For $k>k_0$, we can choose $R_1$ and ε sufficiently small such that for $t\le R_1$, we get

$$\frac{c(b,p)\epsilon }{\alpha +c_1}+\frac{c(n,p)\epsilon }{\alpha +c_1}{|B_t|}^{1-\frac{p}{\tilde{p}}}\le \frac{1}{2}\cdot \frac{\alpha }{\alpha +c_1}$$

(3.10)

and

$$|A_{k,t}|={|A_{k,t}|}^{1-\frac{p}{q}}{|A_{k,t}|}^{\frac{p}{q}}\le {|A_{k,t}|}^{1-\frac{p}{q}}{|B_t|}^{\frac{p}{q}}={|A_{k,t}|}^{1-\frac{p}{q}}\cdot t^{n\cdot \frac{p}{q}}.$$

(3.11)

By substituting (3.10)-(3.11) into (3.9), we obtain that

$$\begin{array}{rcl}{\int }_{A_{k,\tau }}{|\mathrm{\nabla }u|}^{p}dx& \le & \theta {\int }_{A_{k,t}}{|\mathrm{\nabla }u|}^{p}dx\\ +\gamma [{(t-\tau )}^{-p}\cdot t^{n\cdot \frac{p}{q}}\underset{B_t}{max}{(u-k)}^p+1]{|A_{k,t}|}^{1-\frac{p}{q}},\end{array}$$

(3.12)

where $\theta =(\frac{1}{2}\alpha +c_1)/(\alpha +c_1)<1$. Thus, let ρ, R be arbitrarily fixed with $R_0\le \rho <R\le R_1$, we obtain

$$\begin{array}{rcl}{\int }_{A_{k,\tau }}{|\mathrm{\nabla }u|}^{p}dx& \le & \theta {\int }_{A_{k,t}}{|\mathrm{\nabla }u|}^{p}dx\\ +\gamma [{(t-\tau )}^{-p}\cdot R^{n\cdot \frac{p}{q}}\underset{B_R}{max}{(u-k)}^p+1]{|A_{k,R}|}^{1-\frac{p}{q}}.\end{array}$$

(3.13)

Therefore we have deduced that for every t and τ such that $R_0\le \rho \le \tau <t\le R\le R_1$, inequality (3.13) holds.
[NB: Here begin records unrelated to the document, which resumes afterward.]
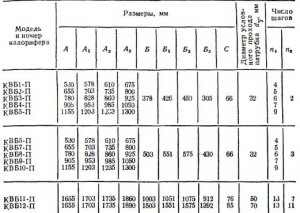 РАЗМЕРЫ  КАЛОРИФЕРОВ  КВБ 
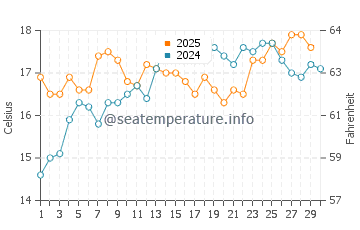 Playa de Los Muertos water temp chart in April
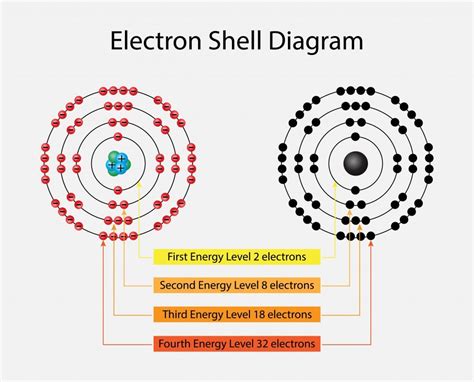 Octet Rule: Why Are Atoms With 8 Valence Electrons So Stable?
Therefore we have from Lemma 2.1 that

$${\int }_{A_{k,\rho }}{|\mathrm{\nabla }u|}^{p}dx\le C[{(R-\rho )}^{-p}\cdot R^{n\cdot \frac{p}{q}}\underset{B_R}{max}{(u-k)}^p+1]{|A_{k,R}|}^{1-\frac{p}{q}}.$$

(3.14)

Since u is a solution to equation (1.1), we have that −u is a solution to the equation

$$-div\tilde{A}(x,v,\mathrm{\nabla }v)=f(x),$$

where $\tilde{A}(x,v,\mathrm{\nabla }v)=A(x,-v,-\mathrm{\nabla }v)$. And the operator $\tilde{A}$ satisfies the same structure conditions (a)-(c), hence the same inequality (3.14) holds with u replaced by −u. Therefore we get that the function $u\in {\mathcal{B}}_p(\mathrm{\Omega },M,\gamma ,\delta ,1/q)$. □

Remark Especially, if $q=\mathrm{\infty }$, i.e., $f(x),k(x)\in L^{\mathrm{\infty }}(\mathrm{\Omega })$, then condition (a) of A simplifies into $|A(x,u,\mathrm{\nabla }u)|\le b(M){|\mathrm{\nabla }u|}^{p-1}+b(M)$. Proceeding the process of the proof in Theorem 3.2, we finally have

$${\int }_{A_{k,\tau }}{|\mathrm{\nabla }u|}^{p}dx\le \theta {\int }_{A_{k,t}}{|\mathrm{\nabla }u|}^{p}dx+{(t-\tau )}^{-p}{\int }_{A_{k,R}}{(u-k)}^{p}dx+|A_{k,R}|.$$

Therefore we have from Lemma 2.1 that

$${\int }_{A_{k,\rho }}{|\mathrm{\nabla }u|}^{p}dx\le C({(R-\rho )}^{-p}{\int }_{A_{k,R}}{(u-k)}^{p}dx+|A_{k,R}|).$$

Similarly, we get that the same inequality holds with u replaced by −u, hence the function $u\in {\mathcal{B}}_p(\mathrm{\Omega },M,\gamma ,\delta ,0)$.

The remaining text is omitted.